====== DATA EXTRACT
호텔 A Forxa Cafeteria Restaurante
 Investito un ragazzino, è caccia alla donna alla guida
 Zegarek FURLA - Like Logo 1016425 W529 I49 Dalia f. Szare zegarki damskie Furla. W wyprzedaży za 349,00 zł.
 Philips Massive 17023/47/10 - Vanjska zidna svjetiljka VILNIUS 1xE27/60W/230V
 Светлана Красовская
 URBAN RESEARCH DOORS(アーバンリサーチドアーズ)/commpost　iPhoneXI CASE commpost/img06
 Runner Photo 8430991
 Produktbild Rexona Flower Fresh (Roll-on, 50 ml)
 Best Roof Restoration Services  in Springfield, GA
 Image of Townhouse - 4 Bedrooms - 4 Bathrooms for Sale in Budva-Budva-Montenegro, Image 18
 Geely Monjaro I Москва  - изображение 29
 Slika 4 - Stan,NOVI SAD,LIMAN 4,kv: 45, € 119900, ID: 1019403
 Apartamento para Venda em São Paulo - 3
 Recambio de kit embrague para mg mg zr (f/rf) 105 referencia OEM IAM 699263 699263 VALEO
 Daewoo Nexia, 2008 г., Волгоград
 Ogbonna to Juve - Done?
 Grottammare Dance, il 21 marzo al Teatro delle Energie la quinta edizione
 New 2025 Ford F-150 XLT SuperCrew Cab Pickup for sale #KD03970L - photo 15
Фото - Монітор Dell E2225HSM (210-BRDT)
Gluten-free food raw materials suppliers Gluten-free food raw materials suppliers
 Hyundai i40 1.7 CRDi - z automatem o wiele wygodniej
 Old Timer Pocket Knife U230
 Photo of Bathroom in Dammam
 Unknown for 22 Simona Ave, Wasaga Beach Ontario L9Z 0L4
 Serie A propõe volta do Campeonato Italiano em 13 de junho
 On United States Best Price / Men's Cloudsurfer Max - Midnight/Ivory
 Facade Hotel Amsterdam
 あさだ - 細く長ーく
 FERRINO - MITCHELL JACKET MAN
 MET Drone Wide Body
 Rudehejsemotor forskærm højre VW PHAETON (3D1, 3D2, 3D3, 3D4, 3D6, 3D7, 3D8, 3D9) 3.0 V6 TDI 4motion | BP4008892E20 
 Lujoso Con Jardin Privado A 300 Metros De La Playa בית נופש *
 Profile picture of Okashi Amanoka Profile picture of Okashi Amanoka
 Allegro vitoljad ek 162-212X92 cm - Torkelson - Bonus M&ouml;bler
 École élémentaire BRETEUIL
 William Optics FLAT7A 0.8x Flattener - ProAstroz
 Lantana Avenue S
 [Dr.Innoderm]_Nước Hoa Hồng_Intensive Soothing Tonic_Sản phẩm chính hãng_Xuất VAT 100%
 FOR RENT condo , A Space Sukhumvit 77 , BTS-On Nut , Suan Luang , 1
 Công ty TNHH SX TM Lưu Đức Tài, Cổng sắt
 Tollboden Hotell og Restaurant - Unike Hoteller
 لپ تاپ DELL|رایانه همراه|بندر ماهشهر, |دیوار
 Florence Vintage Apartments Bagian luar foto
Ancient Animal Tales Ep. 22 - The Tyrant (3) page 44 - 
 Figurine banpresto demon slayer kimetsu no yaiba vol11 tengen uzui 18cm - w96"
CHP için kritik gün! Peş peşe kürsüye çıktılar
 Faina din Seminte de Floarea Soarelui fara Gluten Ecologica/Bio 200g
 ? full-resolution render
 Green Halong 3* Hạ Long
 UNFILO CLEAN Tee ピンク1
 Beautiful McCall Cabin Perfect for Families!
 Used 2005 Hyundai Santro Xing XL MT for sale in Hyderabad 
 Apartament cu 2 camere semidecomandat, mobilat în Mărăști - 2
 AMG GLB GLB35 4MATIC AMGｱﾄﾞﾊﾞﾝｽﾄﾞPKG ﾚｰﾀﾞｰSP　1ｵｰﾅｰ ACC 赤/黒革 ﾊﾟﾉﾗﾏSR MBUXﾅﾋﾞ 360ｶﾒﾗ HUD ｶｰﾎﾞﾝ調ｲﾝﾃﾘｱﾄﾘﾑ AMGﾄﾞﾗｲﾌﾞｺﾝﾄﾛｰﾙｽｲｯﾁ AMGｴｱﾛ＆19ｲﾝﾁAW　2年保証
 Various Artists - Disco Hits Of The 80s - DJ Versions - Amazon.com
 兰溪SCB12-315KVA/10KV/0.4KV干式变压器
============
TRY IT: Look above for the line holding "Geely Monjaro I" and the line holding "Gluten-free food raw materials suppliers Gluten-free". Retype both, and every line between them, word for word and nothing else.

OUTPUT BELOW:
 Geely Monjaro I Москва  - изображение 29
 Slika 4 - Stan,NOVI SAD,LIMAN 4,kv: 45, € 119900, ID: 1019403
 Apartamento para Venda em São Paulo - 3
 Recambio de kit embrague para mg mg zr (f/rf) 105 referencia OEM IAM 699263 699263 VALEO
 Daewoo Nexia, 2008 г., Волгоград
 Ogbonna to Juve - Done?
 Grottammare Dance, il 21 marzo al Teatro delle Energie la quinta edizione
 New 2025 Ford F-150 XLT SuperCrew Cab Pickup for sale #KD03970L - photo 15
Фото - Монітор Dell E2225HSM (210-BRDT)
Gluten-free food raw materials suppliers Gluten-free food raw materials suppliers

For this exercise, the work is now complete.